(a) For purposes of this section, the following definitions shall apply:

(1) “Blood factors” has the same meaning as that term is defined in Section 14105.86.

Terms Used In California Welfare and Institutions Code 14105.456

(2) “Generically equivalent drugs” has the same meaning as that term is defined in Section 14105.45.

(3) “Legend drug” has the same meaning as that term is defined in Section 14105.45.

(4) “Medicare rate” means the rate of reimbursement established by the Centers for Medicare and Medicaid Services for the Medicare Program.

(5) “Nonlegend drug” has the same meaning as that term is defined in Section 14105.45.

(6) “Pharmacy rate of reimbursement” means the reimbursement to a Medi-Cal pharmacy provider pursuant to the provisions of paragraph (3) of subdivision (b) of Section 14105.45.

(7) “Physician-administered drug” means any legend drug, nonlegend drug, or vaccine administered or dispensed to a beneficiary by a Medi-Cal provider other than a pharmacy provider and billed to the department on a fee-for-service basis.

(8) “Volume-weighted average” means the aggregated average volume for generically equivalent drugs, weighted by each drug’s percentage of the total volume in the Medi-Cal fee-for-service program during the previous six months. For purposes of this paragraph, volume is based on the standard billing unit used for the generically equivalent drugs.

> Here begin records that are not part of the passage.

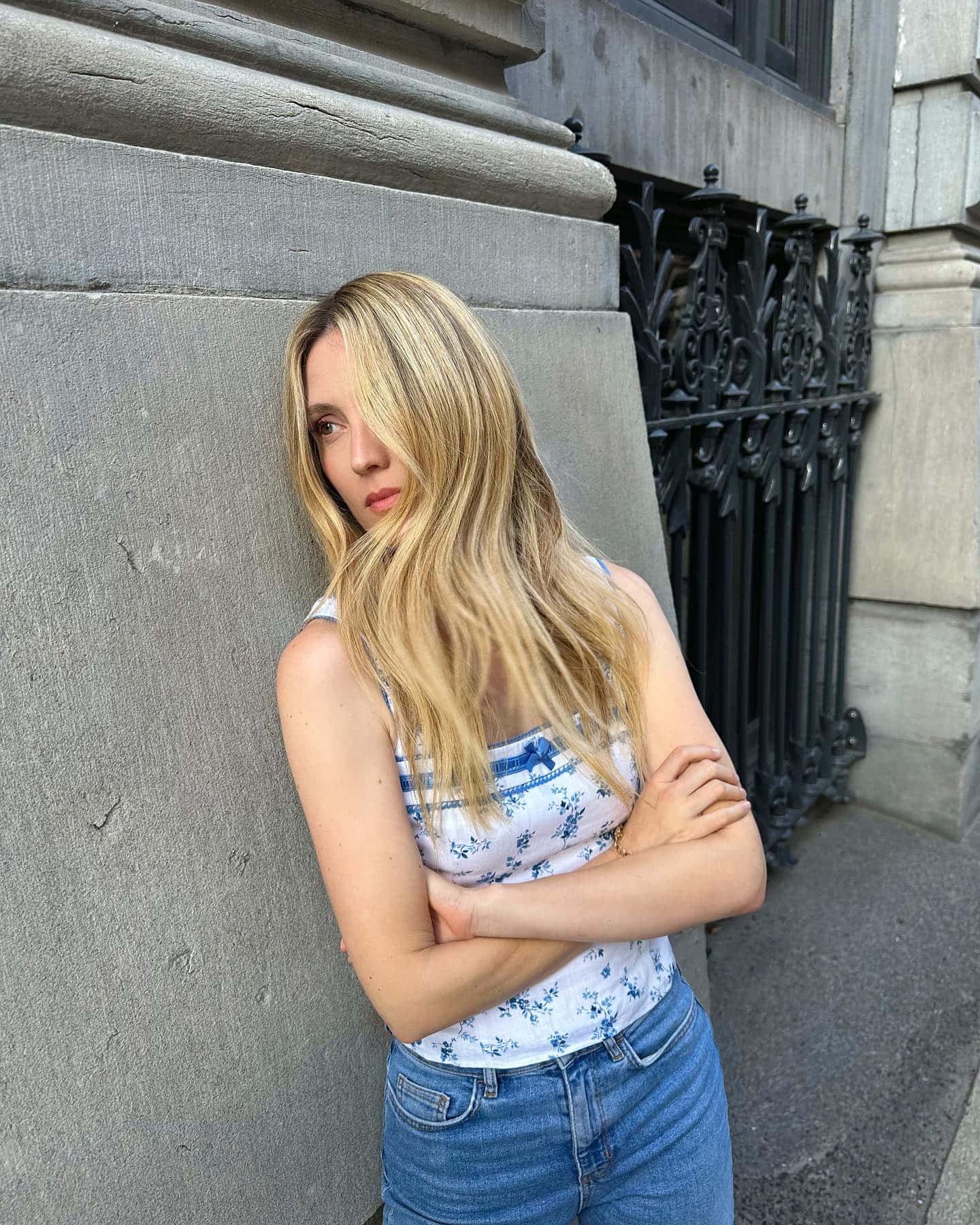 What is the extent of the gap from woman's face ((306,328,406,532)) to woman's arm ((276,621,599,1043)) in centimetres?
27

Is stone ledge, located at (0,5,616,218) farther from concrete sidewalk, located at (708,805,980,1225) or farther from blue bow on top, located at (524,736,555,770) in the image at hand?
concrete sidewalk, located at (708,805,980,1225)

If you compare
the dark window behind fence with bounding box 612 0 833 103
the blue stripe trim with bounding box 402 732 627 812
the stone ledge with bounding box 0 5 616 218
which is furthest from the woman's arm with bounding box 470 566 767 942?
the dark window behind fence with bounding box 612 0 833 103

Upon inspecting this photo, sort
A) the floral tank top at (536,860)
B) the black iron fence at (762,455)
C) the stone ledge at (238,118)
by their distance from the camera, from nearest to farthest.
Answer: the stone ledge at (238,118)
the floral tank top at (536,860)
the black iron fence at (762,455)

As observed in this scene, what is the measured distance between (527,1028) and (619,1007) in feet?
0.60

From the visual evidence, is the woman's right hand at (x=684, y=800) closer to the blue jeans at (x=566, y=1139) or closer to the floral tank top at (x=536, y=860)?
the floral tank top at (x=536, y=860)

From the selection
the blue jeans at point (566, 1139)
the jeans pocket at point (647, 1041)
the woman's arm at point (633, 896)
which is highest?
the woman's arm at point (633, 896)

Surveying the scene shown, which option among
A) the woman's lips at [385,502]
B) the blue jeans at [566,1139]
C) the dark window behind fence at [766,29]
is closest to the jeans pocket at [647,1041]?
the blue jeans at [566,1139]

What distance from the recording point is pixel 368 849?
1.40m

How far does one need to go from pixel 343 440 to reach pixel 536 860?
83cm

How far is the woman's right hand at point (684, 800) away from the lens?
1628 millimetres

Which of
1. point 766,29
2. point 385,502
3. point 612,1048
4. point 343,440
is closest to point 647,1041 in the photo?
point 612,1048

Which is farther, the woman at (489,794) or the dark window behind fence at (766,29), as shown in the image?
the dark window behind fence at (766,29)

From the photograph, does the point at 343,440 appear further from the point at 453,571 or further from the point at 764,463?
the point at 764,463

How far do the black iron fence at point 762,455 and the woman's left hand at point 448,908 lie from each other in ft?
6.14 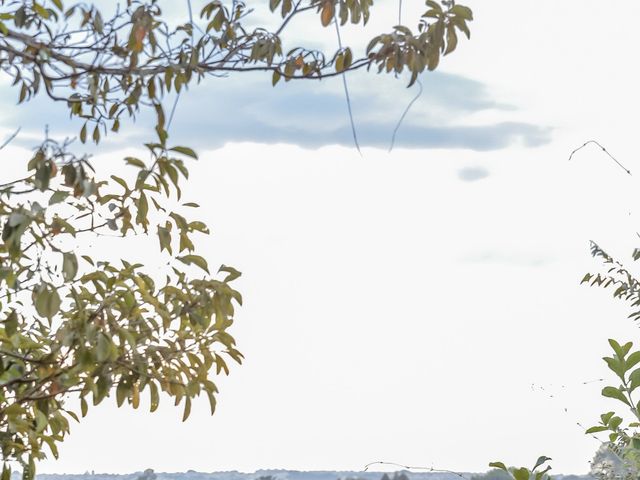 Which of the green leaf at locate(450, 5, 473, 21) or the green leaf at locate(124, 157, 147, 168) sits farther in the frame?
the green leaf at locate(450, 5, 473, 21)

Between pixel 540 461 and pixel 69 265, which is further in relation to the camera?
pixel 69 265

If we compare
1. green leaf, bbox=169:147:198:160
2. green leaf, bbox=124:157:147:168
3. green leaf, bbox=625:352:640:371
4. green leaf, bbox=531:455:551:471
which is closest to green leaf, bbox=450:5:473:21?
green leaf, bbox=169:147:198:160

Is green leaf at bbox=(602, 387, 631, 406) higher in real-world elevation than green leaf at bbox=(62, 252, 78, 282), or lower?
lower

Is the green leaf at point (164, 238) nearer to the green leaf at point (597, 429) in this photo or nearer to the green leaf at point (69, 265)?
the green leaf at point (69, 265)

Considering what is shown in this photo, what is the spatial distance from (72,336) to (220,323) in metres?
0.67

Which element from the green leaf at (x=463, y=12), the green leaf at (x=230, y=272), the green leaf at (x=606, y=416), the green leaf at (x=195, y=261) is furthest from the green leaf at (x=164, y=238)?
the green leaf at (x=606, y=416)

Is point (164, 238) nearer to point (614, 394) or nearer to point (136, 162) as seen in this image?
point (136, 162)

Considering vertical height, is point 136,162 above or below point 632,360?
above

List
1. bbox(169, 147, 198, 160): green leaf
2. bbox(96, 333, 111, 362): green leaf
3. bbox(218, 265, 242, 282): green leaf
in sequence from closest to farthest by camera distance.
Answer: bbox(96, 333, 111, 362): green leaf, bbox(169, 147, 198, 160): green leaf, bbox(218, 265, 242, 282): green leaf

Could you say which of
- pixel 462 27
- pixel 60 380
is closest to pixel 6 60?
pixel 60 380

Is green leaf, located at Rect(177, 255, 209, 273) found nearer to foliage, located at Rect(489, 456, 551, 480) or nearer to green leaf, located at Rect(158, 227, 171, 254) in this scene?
green leaf, located at Rect(158, 227, 171, 254)

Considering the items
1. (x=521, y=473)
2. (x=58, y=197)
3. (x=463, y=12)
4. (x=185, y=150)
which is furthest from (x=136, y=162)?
(x=521, y=473)

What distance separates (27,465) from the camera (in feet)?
15.0

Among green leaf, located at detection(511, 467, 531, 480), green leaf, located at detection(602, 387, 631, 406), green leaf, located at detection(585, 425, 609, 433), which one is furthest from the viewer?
green leaf, located at detection(585, 425, 609, 433) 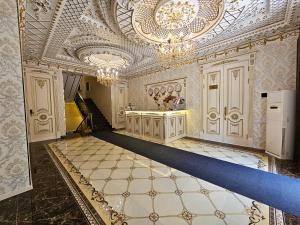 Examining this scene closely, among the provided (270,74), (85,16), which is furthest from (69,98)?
(270,74)

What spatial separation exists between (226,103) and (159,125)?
96.5 inches

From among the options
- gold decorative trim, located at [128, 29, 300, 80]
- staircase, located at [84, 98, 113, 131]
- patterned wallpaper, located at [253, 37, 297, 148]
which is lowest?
staircase, located at [84, 98, 113, 131]

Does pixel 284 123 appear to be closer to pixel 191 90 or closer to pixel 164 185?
pixel 191 90

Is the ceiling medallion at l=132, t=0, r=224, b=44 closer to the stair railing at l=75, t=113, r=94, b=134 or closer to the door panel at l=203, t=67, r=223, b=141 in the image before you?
the door panel at l=203, t=67, r=223, b=141

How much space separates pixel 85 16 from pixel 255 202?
4380 millimetres

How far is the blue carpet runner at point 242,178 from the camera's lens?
6.78 ft

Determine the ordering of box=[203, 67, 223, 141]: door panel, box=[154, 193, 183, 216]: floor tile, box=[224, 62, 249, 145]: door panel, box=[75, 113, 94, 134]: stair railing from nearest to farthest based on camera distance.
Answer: box=[154, 193, 183, 216]: floor tile < box=[224, 62, 249, 145]: door panel < box=[203, 67, 223, 141]: door panel < box=[75, 113, 94, 134]: stair railing

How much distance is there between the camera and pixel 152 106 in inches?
295

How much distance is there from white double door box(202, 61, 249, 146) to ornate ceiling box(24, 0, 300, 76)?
33.4 inches

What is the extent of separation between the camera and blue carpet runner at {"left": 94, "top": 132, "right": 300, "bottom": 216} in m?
2.07

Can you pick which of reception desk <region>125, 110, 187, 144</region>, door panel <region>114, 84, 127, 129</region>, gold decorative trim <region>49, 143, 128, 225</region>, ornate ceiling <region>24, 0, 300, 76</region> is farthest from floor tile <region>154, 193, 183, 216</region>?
door panel <region>114, 84, 127, 129</region>

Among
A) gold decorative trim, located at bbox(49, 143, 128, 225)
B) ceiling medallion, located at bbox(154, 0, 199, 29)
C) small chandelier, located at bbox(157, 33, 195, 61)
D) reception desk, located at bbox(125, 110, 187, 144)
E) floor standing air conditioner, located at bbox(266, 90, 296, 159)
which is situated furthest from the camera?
reception desk, located at bbox(125, 110, 187, 144)

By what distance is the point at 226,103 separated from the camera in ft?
16.2

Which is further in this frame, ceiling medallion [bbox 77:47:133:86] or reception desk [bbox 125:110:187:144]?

(b) The department may reimburse providers for a physician-administered drug using either a Healthcare Common Procedure Coding System code or a National Drug Code.

(c) The Healthcare Common Procedure Coding System code rate of reimbursement for a physician-administered drug shall be equal to the volume-weighted average of the pharmacy rate of reimbursement for generically equivalent drugs. The department shall publish the Healthcare Common Procedure Coding System code rates of reimbursement.

(d) The National Drug Code rate of reimbursement shall equal the pharmacy rate of reimbursement.

(e) Notwithstanding subdivisions (c) and (d), the department may reimburse providers for physician-administered drugs, with the exception of blood factors, at a rate not less than the Medicare rate.

(f) Physician-administered drugs that are blood factors shall be reimbursed pursuant to the provisions of subdivision (b) of Section 14105.86.

(g) Notwithstanding Chapter 3.5 (commencing with Section 11340) of Part 1 of Division 3 of Title 2 of the Government Code, the department may implement this section by means of a provider bulletin or notice, policy letter, or other similar instructions, without taking regulatory action.

(h) (1) The rates provided for in this section shall be implemented commencing January 1, 2011, but only if the director determines that the rates comply with applicable federal Medicaid requirements and that federal financial participation will be available.

(2) In assessing whether federal financial participation is available, the director shall determine whether the rates comply with the federal Medicaid requirements, including those set forth in Section 1396a(a)(30)(A) of Title 42 of the United States Code. To the extent that the director determines that a rate of reimbursement described in this section does not comply with the federal Medicaid requirements, the director retains the discretion not to implement that rate and may revise the rate as necessary to comply with the federal Medicaid requirements.

(i) The director shall seek any necessary federal approval for the implementation of this section. To the extent that federal financial participation is not available with respect to a rate of reimbursement described in this section, the director retains the discretion not to implement that rate and may revise the rate as necessary to comply with the federal Medicaid requirements.

(Amended by Stats. 2017, Ch. 52, Sec. 28. (SB 97) Effective July 10, 2017.)